:: MATERIAL FOR THIS TASK ::

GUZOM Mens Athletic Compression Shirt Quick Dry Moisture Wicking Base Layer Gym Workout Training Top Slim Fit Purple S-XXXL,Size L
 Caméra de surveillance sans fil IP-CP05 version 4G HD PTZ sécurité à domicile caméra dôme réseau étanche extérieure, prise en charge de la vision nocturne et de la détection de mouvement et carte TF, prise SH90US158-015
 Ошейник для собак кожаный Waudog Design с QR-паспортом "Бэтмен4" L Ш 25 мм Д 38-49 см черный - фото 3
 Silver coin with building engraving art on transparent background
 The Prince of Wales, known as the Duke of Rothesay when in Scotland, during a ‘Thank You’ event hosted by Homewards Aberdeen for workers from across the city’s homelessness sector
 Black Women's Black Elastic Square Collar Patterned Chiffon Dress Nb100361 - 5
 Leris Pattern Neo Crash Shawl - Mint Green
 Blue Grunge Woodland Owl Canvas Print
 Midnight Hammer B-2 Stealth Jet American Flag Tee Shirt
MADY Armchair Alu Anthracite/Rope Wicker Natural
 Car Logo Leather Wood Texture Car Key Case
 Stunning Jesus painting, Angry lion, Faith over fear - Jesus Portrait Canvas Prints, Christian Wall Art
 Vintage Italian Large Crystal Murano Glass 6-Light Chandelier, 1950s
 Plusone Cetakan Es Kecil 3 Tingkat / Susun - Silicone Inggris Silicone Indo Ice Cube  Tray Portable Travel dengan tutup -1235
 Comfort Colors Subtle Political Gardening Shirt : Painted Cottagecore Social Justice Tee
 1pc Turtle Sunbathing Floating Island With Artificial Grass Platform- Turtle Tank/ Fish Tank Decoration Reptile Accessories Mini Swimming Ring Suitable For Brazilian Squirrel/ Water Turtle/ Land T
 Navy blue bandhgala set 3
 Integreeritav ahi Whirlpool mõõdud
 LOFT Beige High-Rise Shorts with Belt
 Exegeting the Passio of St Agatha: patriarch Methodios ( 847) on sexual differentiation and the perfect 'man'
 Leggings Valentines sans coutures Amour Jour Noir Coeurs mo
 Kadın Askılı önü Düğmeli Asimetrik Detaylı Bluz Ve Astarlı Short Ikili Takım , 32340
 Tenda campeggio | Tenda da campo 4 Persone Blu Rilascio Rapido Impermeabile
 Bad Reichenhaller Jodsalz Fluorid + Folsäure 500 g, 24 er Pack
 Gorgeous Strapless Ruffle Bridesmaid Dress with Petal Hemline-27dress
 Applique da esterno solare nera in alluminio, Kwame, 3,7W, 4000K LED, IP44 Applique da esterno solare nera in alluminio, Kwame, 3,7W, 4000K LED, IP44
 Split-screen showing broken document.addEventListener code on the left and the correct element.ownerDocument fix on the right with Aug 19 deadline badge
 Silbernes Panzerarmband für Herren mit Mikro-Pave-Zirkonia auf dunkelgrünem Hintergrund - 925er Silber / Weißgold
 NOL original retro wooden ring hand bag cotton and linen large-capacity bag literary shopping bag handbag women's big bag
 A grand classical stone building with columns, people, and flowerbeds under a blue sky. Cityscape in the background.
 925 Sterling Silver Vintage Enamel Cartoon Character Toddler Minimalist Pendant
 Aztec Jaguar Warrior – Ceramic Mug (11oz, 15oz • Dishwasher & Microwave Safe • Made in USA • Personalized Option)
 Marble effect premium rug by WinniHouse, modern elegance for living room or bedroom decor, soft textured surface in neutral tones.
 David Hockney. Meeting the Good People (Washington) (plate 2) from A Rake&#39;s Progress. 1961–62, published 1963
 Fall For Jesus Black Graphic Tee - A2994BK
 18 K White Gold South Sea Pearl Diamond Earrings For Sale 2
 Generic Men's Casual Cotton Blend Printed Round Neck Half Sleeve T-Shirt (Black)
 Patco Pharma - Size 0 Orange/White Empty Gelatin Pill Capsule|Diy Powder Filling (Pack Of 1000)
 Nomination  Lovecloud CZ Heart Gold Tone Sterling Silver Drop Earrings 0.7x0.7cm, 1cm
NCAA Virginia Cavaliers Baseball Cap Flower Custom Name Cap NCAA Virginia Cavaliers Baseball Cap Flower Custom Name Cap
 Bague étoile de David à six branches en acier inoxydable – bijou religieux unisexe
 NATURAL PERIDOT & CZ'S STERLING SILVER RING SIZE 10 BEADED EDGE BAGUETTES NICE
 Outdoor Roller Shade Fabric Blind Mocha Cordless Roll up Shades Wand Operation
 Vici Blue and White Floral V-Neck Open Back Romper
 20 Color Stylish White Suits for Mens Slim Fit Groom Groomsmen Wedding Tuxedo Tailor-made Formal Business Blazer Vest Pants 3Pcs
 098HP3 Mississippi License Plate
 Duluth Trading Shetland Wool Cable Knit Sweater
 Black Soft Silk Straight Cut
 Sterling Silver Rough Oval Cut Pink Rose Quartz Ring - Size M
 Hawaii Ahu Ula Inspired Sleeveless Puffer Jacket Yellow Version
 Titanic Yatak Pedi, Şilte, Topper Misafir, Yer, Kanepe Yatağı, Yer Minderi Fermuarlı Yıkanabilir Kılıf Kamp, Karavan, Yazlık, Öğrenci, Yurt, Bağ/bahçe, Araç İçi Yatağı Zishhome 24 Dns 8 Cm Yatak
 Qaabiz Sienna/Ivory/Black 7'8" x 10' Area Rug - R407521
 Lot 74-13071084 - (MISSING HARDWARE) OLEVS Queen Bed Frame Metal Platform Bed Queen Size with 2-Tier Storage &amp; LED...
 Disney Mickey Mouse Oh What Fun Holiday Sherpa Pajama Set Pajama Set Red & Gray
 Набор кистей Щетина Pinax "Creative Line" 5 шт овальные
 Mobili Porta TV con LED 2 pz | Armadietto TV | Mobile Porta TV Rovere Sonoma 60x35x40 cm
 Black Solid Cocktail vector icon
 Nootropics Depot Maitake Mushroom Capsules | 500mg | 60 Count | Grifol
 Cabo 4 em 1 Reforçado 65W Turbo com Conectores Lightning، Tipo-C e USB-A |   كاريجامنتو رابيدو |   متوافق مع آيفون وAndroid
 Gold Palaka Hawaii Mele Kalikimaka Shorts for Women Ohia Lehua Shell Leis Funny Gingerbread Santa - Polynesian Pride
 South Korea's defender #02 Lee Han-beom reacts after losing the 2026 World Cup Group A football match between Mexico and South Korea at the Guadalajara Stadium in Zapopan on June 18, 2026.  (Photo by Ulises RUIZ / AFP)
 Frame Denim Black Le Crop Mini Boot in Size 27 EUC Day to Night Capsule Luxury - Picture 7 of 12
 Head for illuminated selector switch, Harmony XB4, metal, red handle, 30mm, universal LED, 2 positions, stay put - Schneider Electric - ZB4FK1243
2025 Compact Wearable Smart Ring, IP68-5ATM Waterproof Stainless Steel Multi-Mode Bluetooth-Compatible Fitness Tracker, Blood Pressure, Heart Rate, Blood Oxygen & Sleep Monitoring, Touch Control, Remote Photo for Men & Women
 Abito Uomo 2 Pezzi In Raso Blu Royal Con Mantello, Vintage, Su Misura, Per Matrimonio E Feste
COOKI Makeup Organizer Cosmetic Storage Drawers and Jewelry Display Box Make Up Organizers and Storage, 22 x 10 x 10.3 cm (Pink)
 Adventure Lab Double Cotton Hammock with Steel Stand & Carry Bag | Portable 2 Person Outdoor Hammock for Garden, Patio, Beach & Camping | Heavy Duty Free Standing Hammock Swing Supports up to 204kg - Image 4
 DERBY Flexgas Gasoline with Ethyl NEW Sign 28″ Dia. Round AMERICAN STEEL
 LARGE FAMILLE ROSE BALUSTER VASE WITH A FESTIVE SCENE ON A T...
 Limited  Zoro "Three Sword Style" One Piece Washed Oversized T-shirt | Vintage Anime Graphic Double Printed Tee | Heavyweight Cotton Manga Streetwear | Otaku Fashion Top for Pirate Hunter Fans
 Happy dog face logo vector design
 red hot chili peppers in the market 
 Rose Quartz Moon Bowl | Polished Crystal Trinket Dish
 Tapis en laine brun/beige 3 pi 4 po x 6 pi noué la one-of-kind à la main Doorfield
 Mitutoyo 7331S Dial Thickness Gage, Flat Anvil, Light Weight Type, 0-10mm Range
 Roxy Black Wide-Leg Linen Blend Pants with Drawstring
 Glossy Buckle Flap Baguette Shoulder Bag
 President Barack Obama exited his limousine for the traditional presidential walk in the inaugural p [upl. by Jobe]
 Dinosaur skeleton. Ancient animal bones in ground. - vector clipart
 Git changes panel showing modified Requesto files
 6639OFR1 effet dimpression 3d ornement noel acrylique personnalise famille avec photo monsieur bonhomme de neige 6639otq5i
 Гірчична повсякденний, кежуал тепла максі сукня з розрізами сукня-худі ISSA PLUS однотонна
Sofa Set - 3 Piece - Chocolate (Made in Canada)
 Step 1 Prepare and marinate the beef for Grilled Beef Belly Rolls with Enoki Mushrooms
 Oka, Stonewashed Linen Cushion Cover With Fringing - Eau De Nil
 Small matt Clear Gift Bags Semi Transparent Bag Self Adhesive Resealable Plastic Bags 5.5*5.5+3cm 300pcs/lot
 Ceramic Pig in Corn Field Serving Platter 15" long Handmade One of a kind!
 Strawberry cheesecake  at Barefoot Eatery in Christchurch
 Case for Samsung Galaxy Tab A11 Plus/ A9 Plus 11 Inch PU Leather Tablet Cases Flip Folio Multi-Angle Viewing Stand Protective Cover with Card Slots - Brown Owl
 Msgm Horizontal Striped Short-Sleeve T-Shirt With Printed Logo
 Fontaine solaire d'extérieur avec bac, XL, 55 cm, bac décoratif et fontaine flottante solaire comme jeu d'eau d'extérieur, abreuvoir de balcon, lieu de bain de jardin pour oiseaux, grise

:::

**WHAT TO PRODUCE**
In the entries above, restate word for word the lines between the one holding "Gold Palaka Hawaii" and the one holding "South Korea's defender", inclusive, and nothing besides.

**COMPLETED EXERCISE**
 Gold Palaka Hawaii Mele Kalikimaka Shorts for Women Ohia Lehua Shell Leis Funny Gingerbread Santa - Polynesian Pride
 South Korea's defender #02 Lee Han-beom reacts after losing the 2026 World Cup Group A football match between Mexico and South Korea at the Guadalajara Stadium in Zapopan on June 18, 2026.  (Photo by Ulises RUIZ / AFP)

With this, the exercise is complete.